**WHAT YOU WILL DO:** Reproduce each line of the material precisely.

**DATA FOR THE TASK:**
┏━━
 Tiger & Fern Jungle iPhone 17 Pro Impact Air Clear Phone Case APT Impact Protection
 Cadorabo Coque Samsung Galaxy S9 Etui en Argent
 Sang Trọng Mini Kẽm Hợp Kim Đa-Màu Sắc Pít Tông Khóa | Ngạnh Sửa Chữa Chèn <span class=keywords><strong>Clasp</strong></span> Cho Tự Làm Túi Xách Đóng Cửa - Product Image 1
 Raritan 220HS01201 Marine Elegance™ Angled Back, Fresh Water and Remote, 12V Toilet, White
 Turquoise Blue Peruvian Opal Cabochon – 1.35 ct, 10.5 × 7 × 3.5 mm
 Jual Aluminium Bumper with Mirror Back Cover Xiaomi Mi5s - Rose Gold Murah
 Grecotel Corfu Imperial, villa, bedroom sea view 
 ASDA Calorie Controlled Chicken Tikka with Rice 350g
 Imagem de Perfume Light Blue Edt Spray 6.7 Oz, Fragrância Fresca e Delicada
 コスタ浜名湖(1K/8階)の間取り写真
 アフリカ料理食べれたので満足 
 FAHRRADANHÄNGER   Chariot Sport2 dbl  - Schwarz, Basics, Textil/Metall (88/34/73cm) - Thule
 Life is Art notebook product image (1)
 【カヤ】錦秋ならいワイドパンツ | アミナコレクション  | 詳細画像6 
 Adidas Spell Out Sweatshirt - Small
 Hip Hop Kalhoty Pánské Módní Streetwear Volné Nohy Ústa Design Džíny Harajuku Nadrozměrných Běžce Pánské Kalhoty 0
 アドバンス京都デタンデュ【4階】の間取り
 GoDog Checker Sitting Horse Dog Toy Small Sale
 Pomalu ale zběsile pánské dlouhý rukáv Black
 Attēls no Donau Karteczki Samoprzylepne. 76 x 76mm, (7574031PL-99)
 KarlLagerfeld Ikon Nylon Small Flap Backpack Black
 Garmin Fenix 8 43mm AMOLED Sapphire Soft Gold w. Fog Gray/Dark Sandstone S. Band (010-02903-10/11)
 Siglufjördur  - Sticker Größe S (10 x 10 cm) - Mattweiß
┗━━
**ANSWER FOR THIS EXERCISE:**
 Tiger & Fern Jungle iPhone 17 Pro Impact Air Clear Phone Case APT Impact Protection
 Cadorabo Coque Samsung Galaxy S9 Etui en Argent
 Sang Trọng Mini Kẽm Hợp Kim Đa-Màu Sắc Pít Tông Khóa | Ngạnh Sửa Chữa Chèn <span class=keywords><strong>Clasp</strong></span> Cho Tự Làm Túi Xách Đóng Cửa - Product Image 1
 Raritan 220HS01201 Marine Elegance™ Angled Back, Fresh Water and Remote, 12V Toilet, White
 Turquoise Blue Peruvian Opal Cabochon – 1.35 ct, 10.5 × 7 × 3.5 mm
 Jual Aluminium Bumper with Mirror Back Cover Xiaomi Mi5s - Rose Gold Murah
 Grecotel Corfu Imperial, villa, bedroom sea view 
 ASDA Calorie Controlled Chicken Tikka with Rice 350g
 Imagem de Perfume Light Blue Edt Spray 6.7 Oz, Fragrância Fresca e Delicada
 コスタ浜名湖(1K/8階)の間取り写真
 アフリカ料理食べれたので満足 
 FAHRRADANHÄNGER   Chariot Sport2 dbl  - Schwarz, Basics, Textil/Metall (88/34/73cm) - Thule
 Life is Art notebook product image (1)
 【カヤ】錦秋ならいワイドパンツ | アミナコレクション  | 詳細画像6 
 Adidas Spell Out Sweatshirt - Small
 Hip Hop Kalhoty Pánské Módní Streetwear Volné Nohy Ústa Design Džíny Harajuku Nadrozměrných Běžce Pánské Kalhoty 0
 アドバンス京都デタンデュ【4階】の間取り
 GoDog Checker Sitting Horse Dog Toy Small Sale
 Pomalu ale zběsile pánské dlouhý rukáv Black
 Attēls no Donau Karteczki Samoprzylepne. 76 x 76mm, (7574031PL-99)
 KarlLagerfeld Ikon Nylon Small Flap Backpack Black
 Garmin Fenix 8 43mm AMOLED Sapphire Soft Gold w. Fog Gray/Dark Sandstone S. Band (010-02903-10/11)
 Siglufjördur  - Sticker Größe S (10 x 10 cm) - Mattweiß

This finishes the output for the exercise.